■ EXTRACTED ENTRIES:
####

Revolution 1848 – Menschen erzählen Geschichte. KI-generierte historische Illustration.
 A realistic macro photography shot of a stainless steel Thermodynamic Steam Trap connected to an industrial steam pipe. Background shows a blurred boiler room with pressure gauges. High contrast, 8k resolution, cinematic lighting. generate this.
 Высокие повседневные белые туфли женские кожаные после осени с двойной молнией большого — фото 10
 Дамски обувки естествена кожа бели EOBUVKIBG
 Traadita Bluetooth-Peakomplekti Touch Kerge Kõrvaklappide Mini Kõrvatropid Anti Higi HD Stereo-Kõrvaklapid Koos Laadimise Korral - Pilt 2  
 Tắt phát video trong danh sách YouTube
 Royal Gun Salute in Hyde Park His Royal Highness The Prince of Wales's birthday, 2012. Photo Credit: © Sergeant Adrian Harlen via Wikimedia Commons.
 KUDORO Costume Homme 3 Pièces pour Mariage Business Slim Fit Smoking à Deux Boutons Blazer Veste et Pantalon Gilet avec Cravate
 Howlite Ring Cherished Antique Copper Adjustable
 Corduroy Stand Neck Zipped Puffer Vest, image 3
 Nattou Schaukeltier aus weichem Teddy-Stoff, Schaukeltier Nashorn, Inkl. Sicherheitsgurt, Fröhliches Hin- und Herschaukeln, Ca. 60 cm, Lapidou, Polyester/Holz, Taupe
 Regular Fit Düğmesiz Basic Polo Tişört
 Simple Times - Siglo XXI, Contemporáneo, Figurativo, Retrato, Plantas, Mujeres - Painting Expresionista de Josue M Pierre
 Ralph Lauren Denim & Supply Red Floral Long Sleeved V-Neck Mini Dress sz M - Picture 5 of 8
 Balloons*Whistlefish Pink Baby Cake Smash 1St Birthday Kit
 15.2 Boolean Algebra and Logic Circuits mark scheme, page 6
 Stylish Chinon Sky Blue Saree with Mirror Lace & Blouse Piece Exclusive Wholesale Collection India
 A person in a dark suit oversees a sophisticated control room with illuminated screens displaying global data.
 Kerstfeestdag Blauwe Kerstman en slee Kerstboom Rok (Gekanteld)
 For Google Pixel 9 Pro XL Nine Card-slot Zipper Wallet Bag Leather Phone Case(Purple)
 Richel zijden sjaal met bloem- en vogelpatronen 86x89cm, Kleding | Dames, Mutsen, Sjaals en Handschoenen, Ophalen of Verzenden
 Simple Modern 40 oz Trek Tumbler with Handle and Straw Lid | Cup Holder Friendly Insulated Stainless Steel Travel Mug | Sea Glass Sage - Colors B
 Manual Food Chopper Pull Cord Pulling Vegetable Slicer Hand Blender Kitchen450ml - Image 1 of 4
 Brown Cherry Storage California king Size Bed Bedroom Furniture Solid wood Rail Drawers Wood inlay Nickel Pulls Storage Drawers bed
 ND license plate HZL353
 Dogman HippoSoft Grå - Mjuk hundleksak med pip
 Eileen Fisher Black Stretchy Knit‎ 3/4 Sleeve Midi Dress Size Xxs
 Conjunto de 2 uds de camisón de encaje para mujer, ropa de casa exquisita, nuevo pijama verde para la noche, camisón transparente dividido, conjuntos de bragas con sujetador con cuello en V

####

■ TASK: From the first line of the listing above through the line that contains "Corduroy Stand Neck", retype every line exactly, and write nothing else.

■ PROBLEM SOLUTION:
Revolution 1848 – Menschen erzählen Geschichte. KI-generierte historische Illustration.
 A realistic macro photography shot of a stainless steel Thermodynamic Steam Trap connected to an industrial steam pipe. Background shows a blurred boiler room with pressure gauges. High contrast, 8k resolution, cinematic lighting. generate this.
 Высокие повседневные белые туфли женские кожаные после осени с двойной молнией большого — фото 10
 Дамски обувки естествена кожа бели EOBUVKIBG
 Traadita Bluetooth-Peakomplekti Touch Kerge Kõrvaklappide Mini Kõrvatropid Anti Higi HD Stereo-Kõrvaklapid Koos Laadimise Korral - Pilt 2  
 Tắt phát video trong danh sách YouTube
 Royal Gun Salute in Hyde Park His Royal Highness The Prince of Wales's birthday, 2012. Photo Credit: © Sergeant Adrian Harlen via Wikimedia Commons.
 KUDORO Costume Homme 3 Pièces pour Mariage Business Slim Fit Smoking à Deux Boutons Blazer Veste et Pantalon Gilet avec Cravate
 Howlite Ring Cherished Antique Copper Adjustable
 Corduroy Stand Neck Zipped Puffer Vest, image 3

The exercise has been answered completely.